In the figure $AD\parallel BC$, find the value of x

Answer 1

Step 1: Check the similarity of triangles $∆AOD$ and $∆BOC$

Given $AD$ is parallel to $BC$$\Rightarrow AD\parallel BC$
The length of $AO=3$
The length of $BO=3x-19$
The length of $DO=x-5$
The length of $OC=x-3$

AAA similarity: If in two triangles, the corresponding angles are equal, then the triangles are similar.

In $∆AOD,∆BOC$

$\angle DAO=\angle OCB$ [Alternate angles]

$\angle ADO=\angle CBO$ [Alternate angles]

$\angle AOD=\angle BOC$ [Vertical opposite angle]

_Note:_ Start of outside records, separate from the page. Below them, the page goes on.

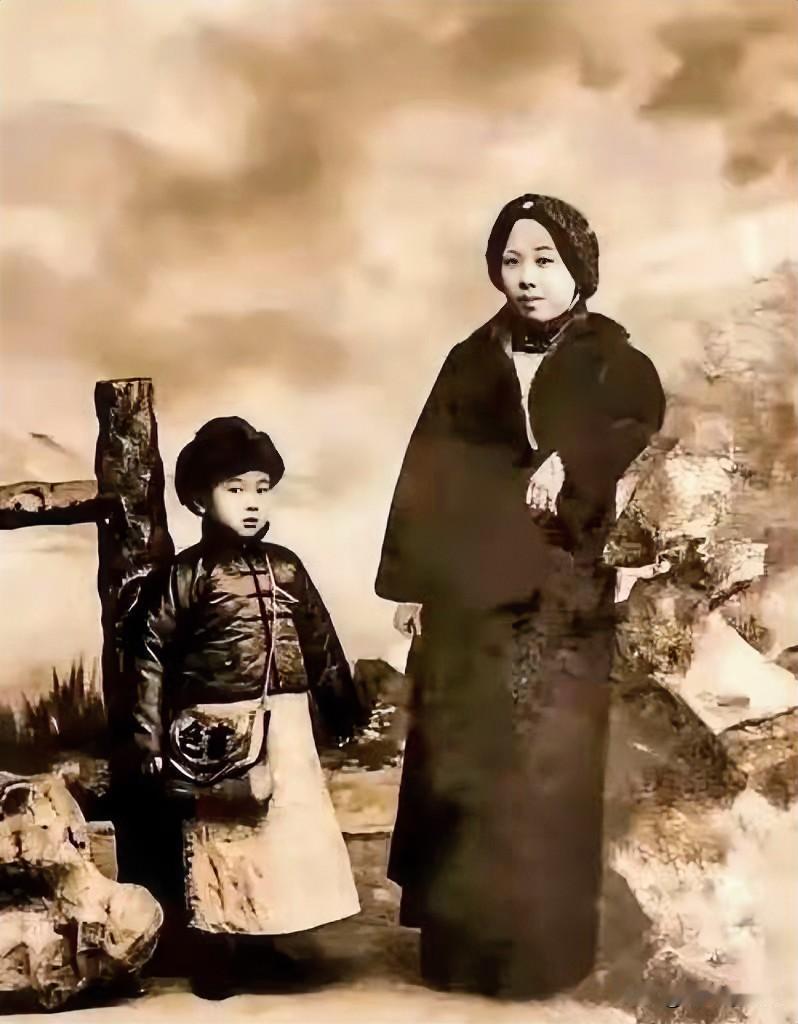 照片记录了1917年，6岁的钱学森与母亲章兰娟的合影。他身穿长袍马褂，头戴绒帽，
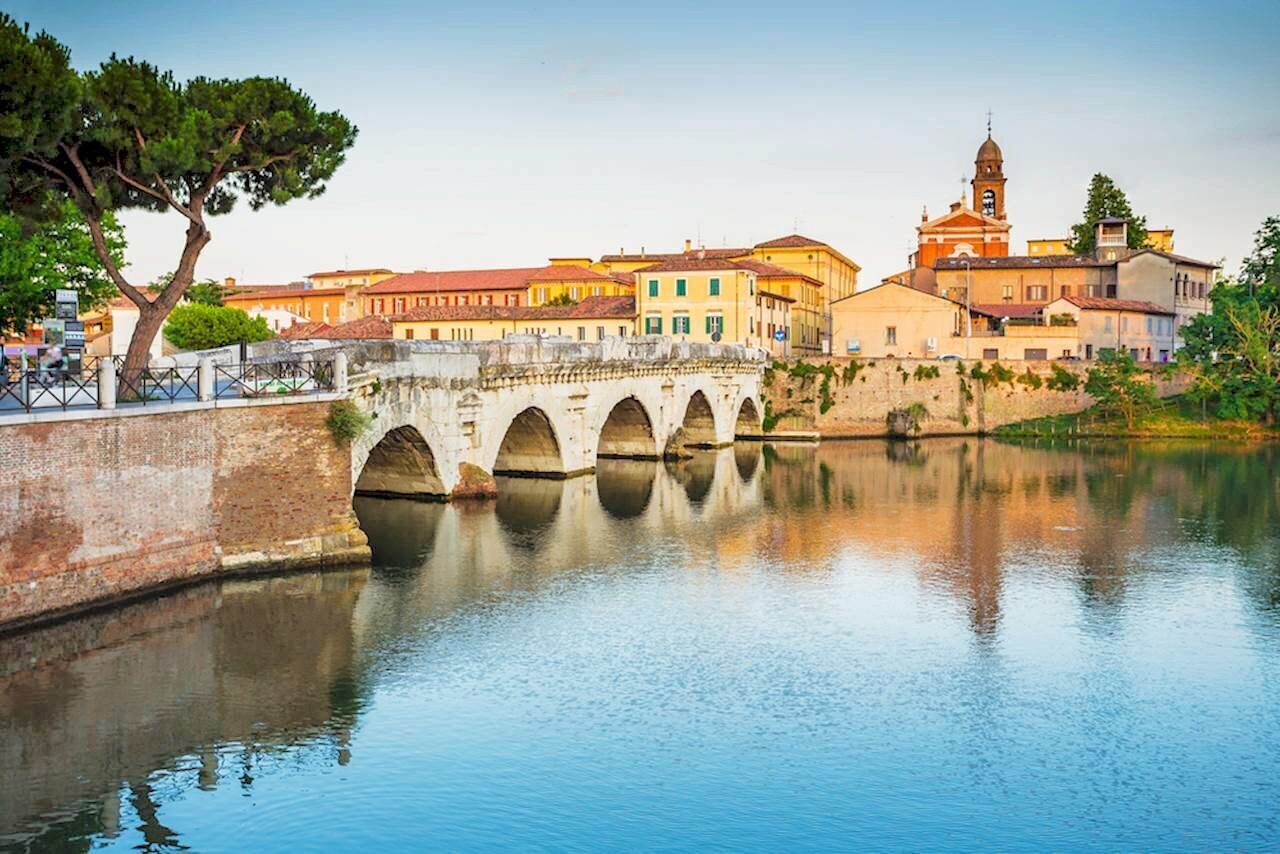 Un puente histórico sobre un río tranquilo, con edificios y una iglesia al fondo.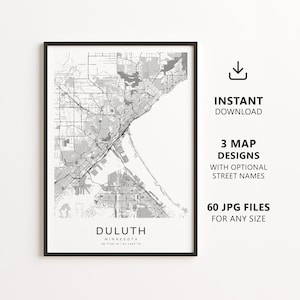 May include: A black and white map print of Duluth, Minnesota, featuring a detailed street grid, a black frame, and the text "DULUTH MINNESOTA 46.7756 N / 92.1393 W". To the right, text reads "INSTANT DOWNLOAD", "3 MAP DESIGNS", and "60 JPG FILES".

$∆AOD~∆BOC$ [by AAA similarity]

Step 2: Calculate the value of $x$

Similar Triangles property: If two triangles are similar, then their corresponding sides are proportional.

Since $∆AOD~∆BOC$, thus

$\frac{AO}{OC}=\frac{OD}{OB}$

$\Rightarrow \frac{3}{x-3}=\frac{x-5}{3x-19}$

$\Rightarrow 3(3x-19)=(x-3)(x-5)$

$\Rightarrow 9x-57=x^2-8x+15$

$\Rightarrow (x-9)(x-8)=0$

$\Rightarrow x=8,9$

Hence, the value of $x$ is $8$ or $9$.